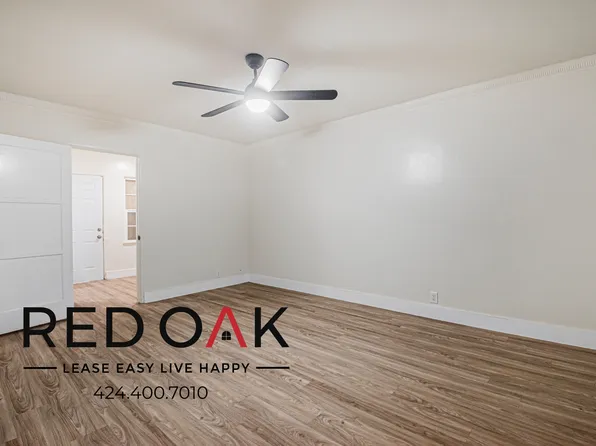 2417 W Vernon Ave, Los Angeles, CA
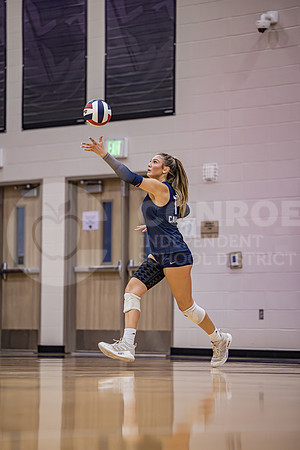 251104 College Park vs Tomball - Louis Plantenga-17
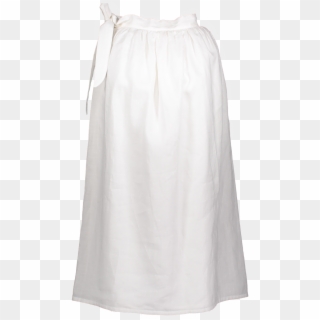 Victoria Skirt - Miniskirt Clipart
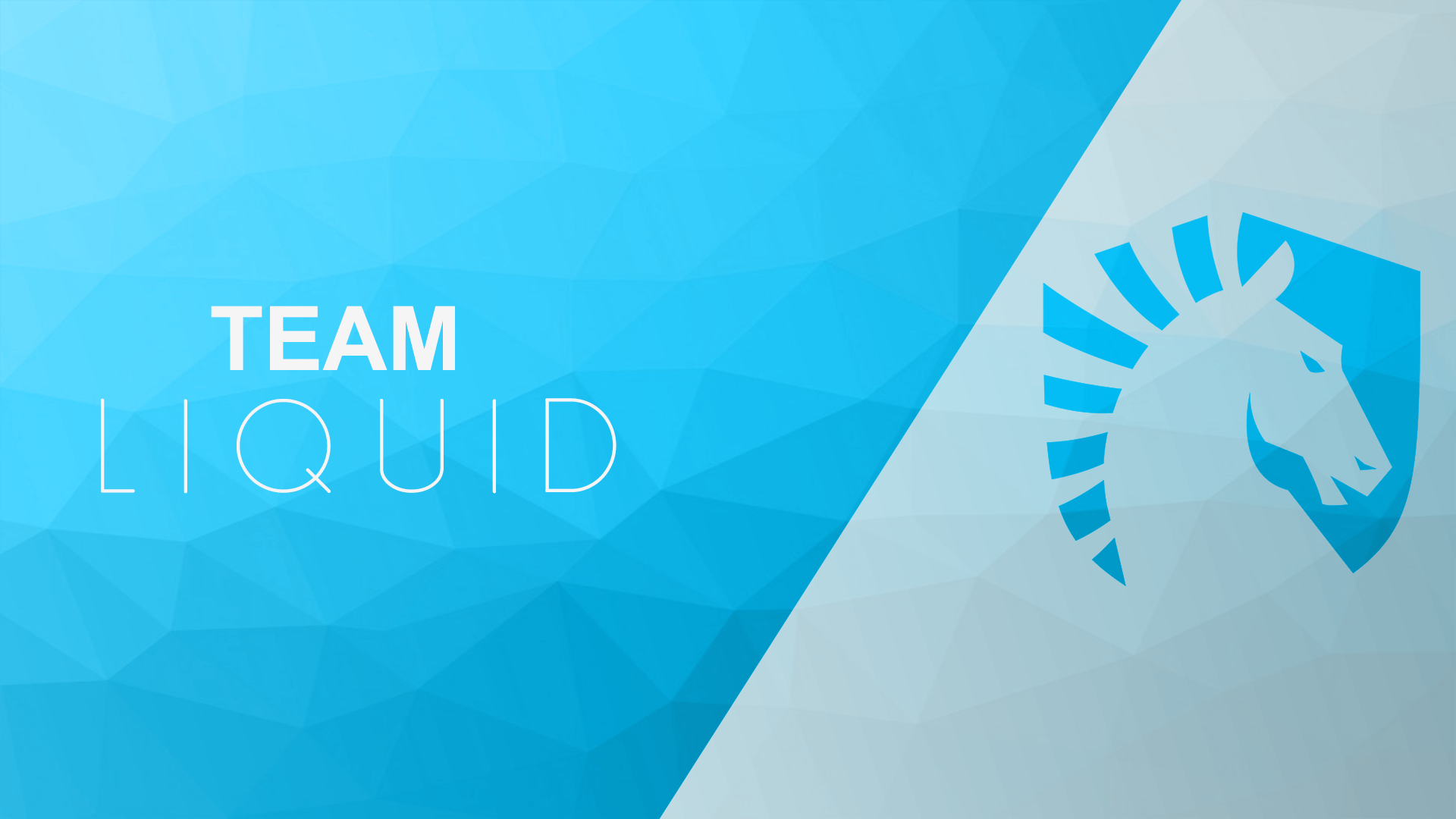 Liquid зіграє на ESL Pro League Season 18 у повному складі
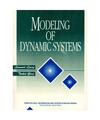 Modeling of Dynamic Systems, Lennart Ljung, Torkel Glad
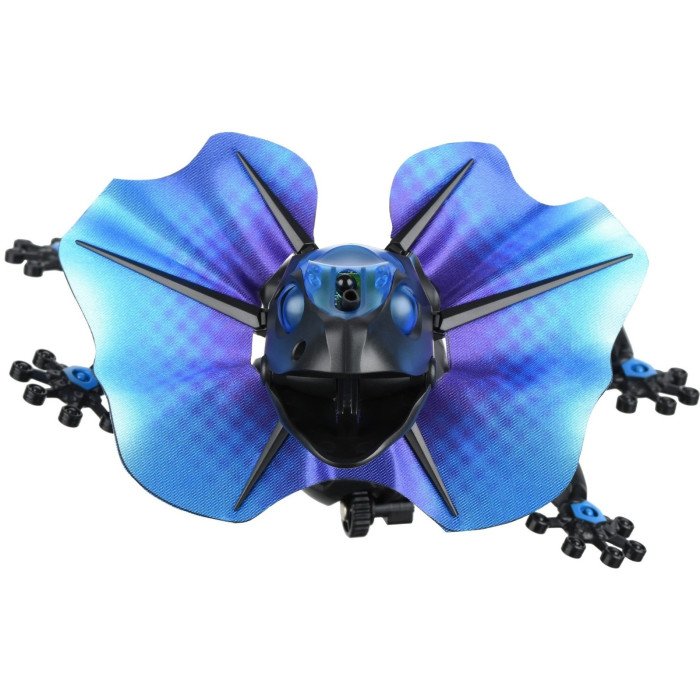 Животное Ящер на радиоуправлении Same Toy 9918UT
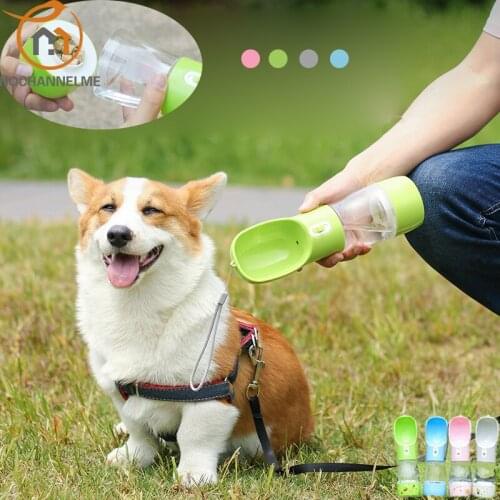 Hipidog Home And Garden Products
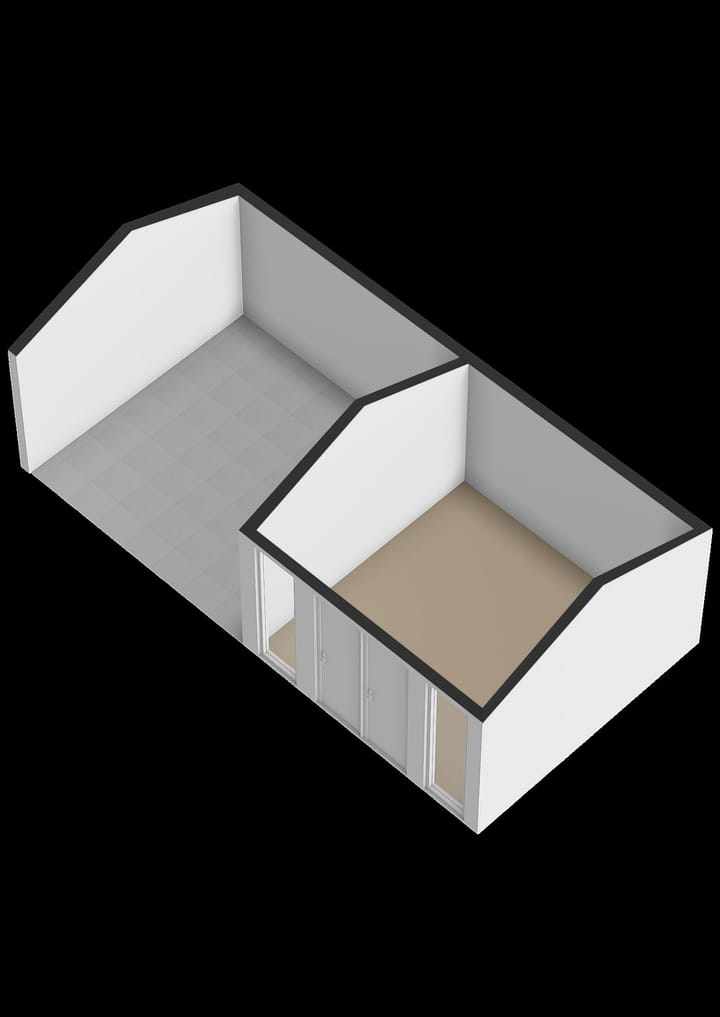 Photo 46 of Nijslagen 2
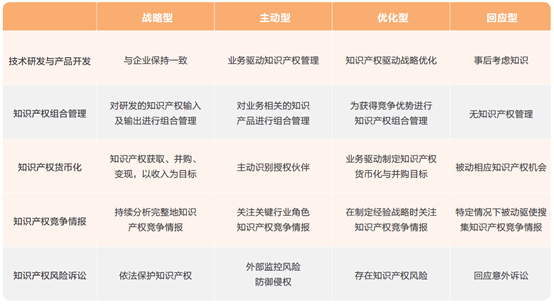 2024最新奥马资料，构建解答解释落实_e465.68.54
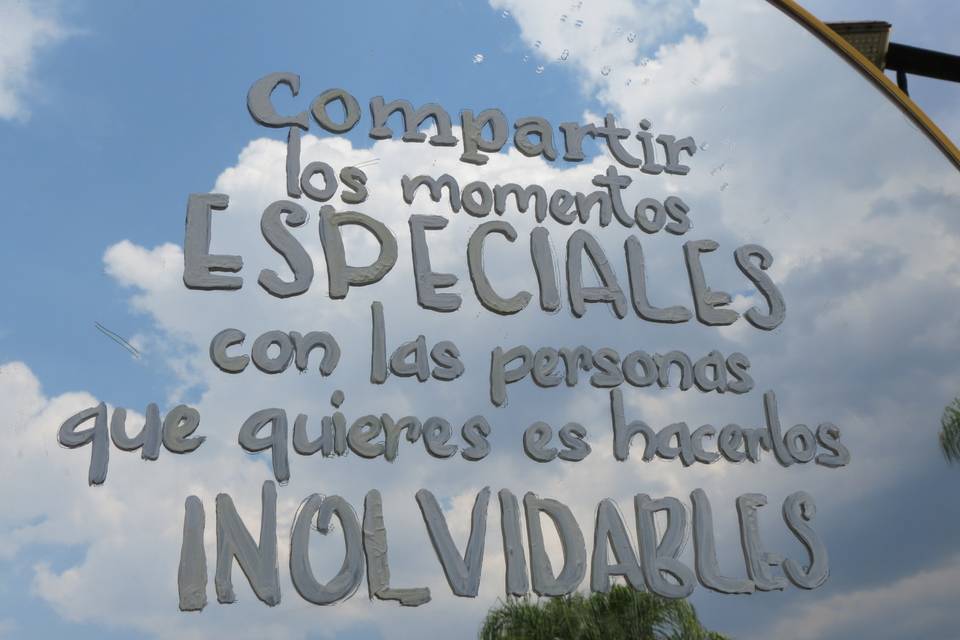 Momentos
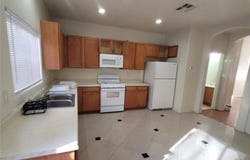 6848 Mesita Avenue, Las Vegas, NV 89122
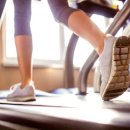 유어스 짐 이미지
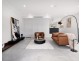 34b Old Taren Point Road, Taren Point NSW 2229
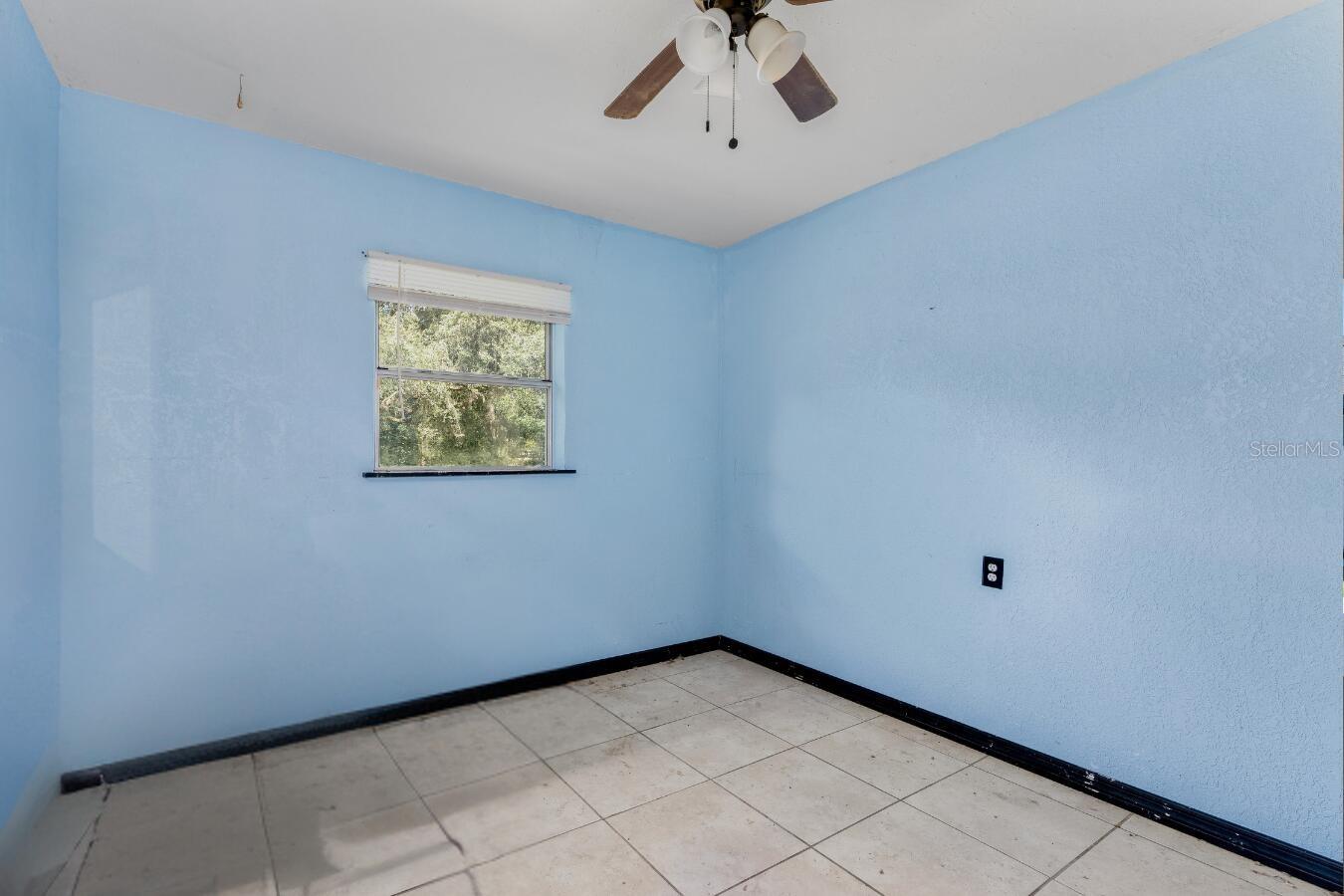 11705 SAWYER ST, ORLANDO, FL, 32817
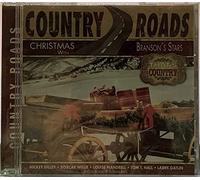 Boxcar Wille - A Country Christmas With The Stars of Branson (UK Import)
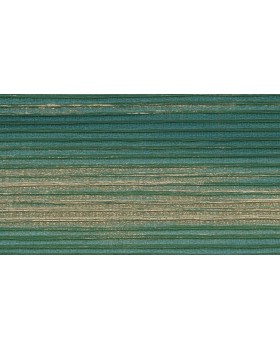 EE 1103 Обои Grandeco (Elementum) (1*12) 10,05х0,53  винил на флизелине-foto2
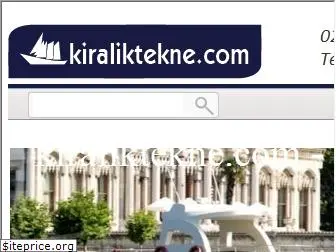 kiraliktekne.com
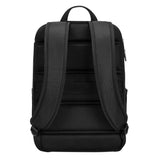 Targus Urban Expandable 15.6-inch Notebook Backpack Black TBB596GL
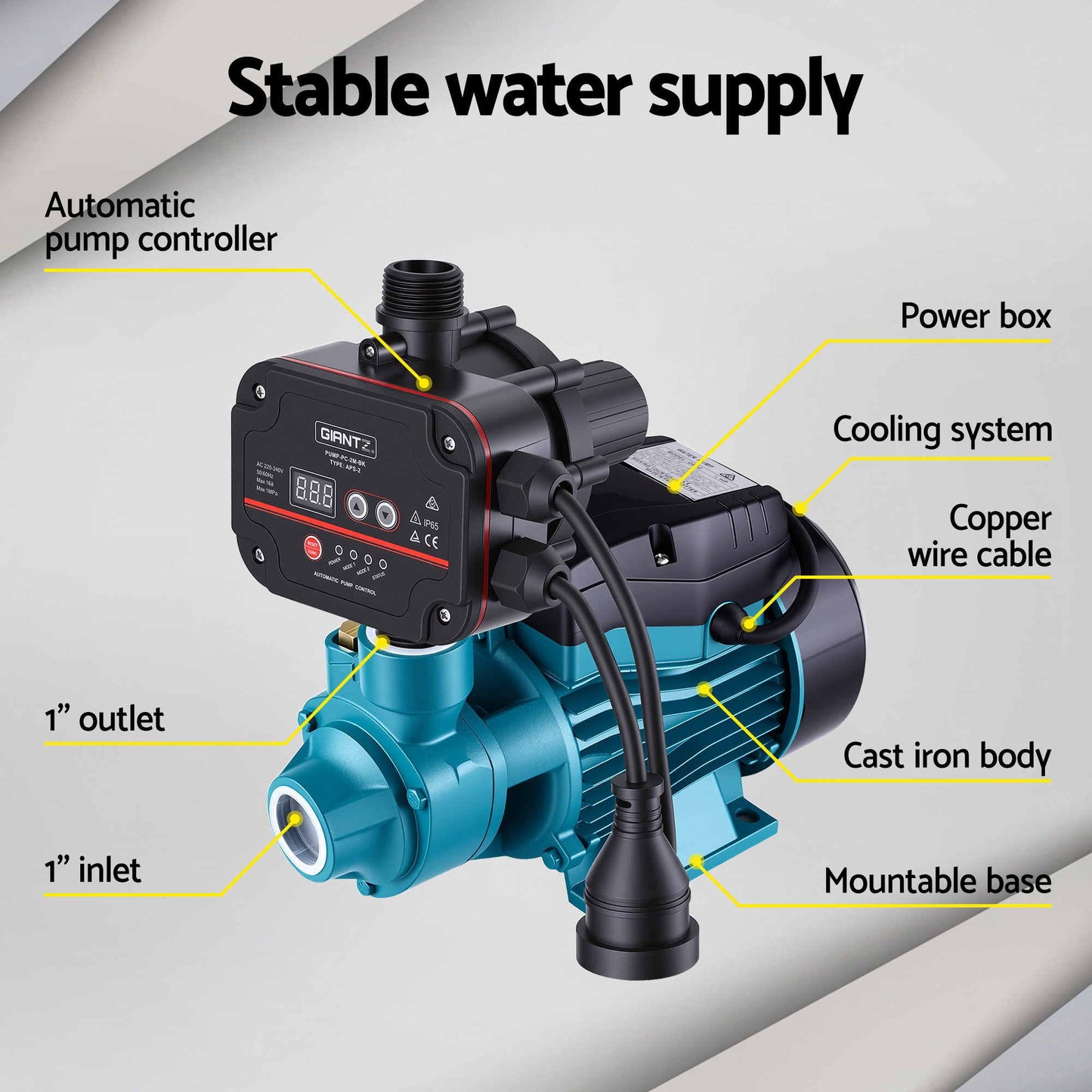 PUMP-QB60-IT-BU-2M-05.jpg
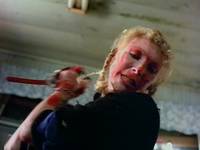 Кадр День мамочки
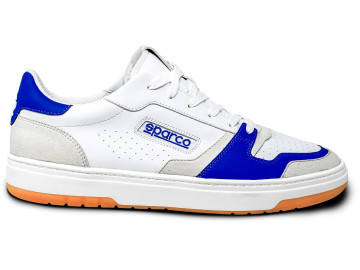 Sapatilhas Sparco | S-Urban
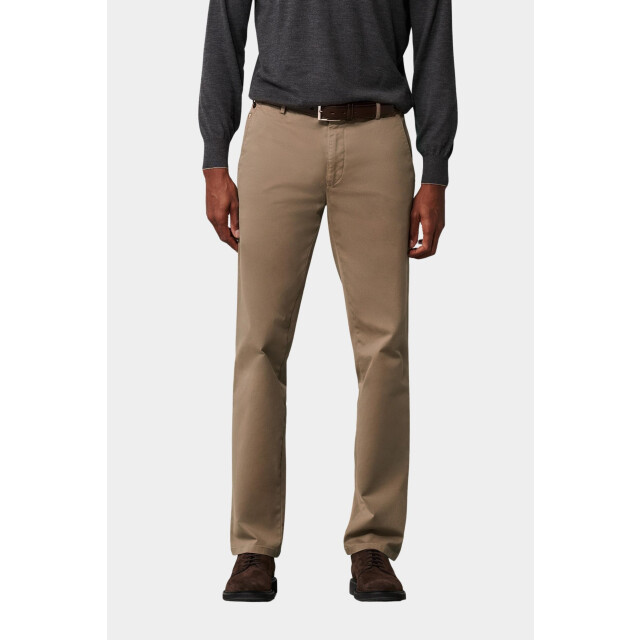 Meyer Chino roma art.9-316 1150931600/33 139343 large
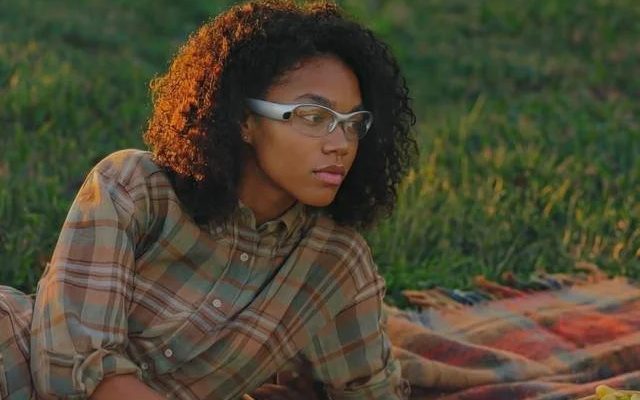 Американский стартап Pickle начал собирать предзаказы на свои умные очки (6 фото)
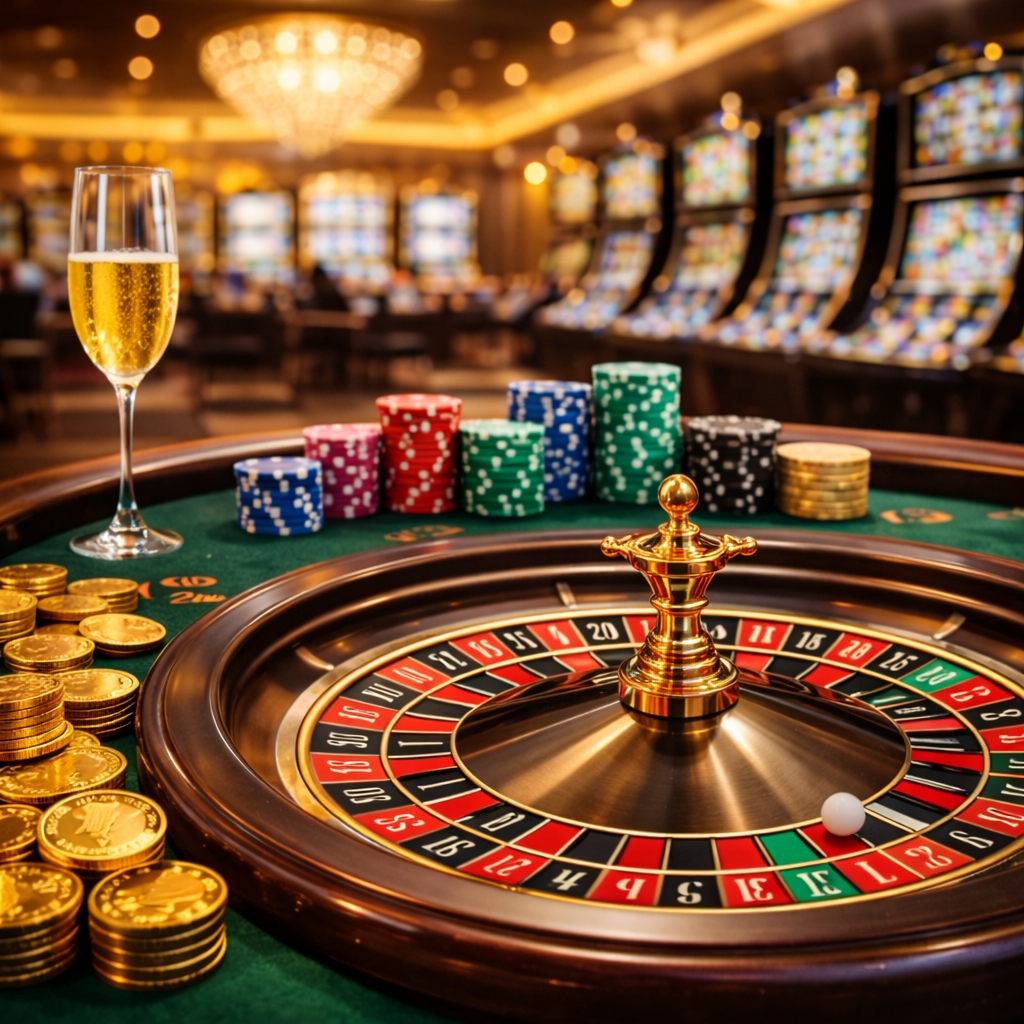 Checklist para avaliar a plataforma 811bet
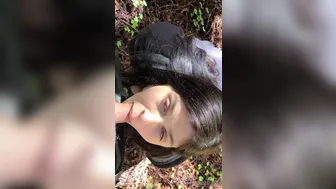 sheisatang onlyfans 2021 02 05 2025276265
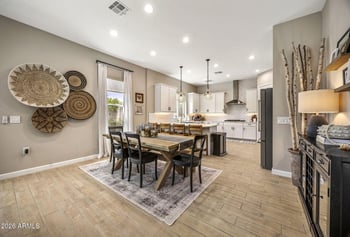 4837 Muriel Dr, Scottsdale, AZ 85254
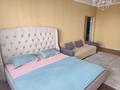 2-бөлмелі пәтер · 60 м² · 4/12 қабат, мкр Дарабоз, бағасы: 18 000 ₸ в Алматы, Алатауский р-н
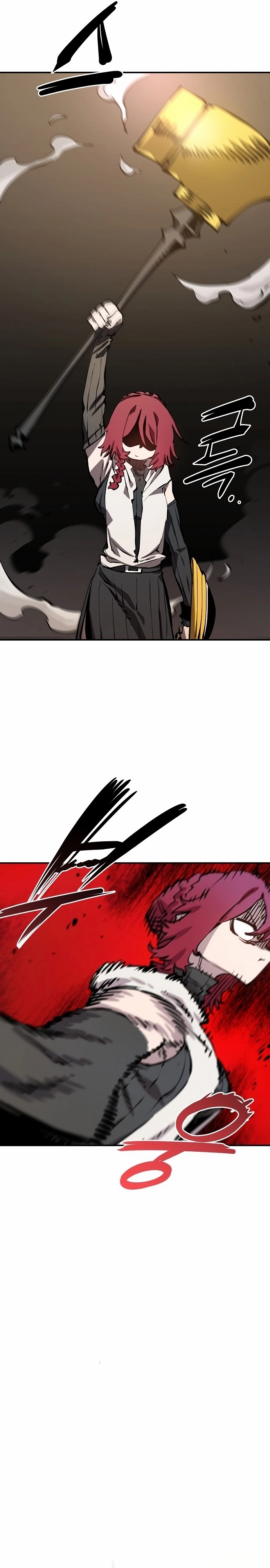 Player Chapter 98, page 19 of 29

• YOUR OBJECTIVE:
Taking the entries above, copy word for word the lines from the one with "Photo 46 of Nijslagen 2" up to and including the one with "Boxcar Wille - A", without any picture.

• SOLUTION TO THIS PROBLEM:
 Photo 46 of Nijslagen 2
 2024最新奥马资料，构建解答解释落实_e465.68.54
 Momentos
 6848 Mesita Avenue, Las Vegas, NV 89122
 유어스 짐 이미지
 34b Old Taren Point Road, Taren Point NSW 2229
 11705 SAWYER ST, ORLANDO, FL, 32817
 Boxcar Wille - A Country Christmas With The Stars of Branson (UK Import)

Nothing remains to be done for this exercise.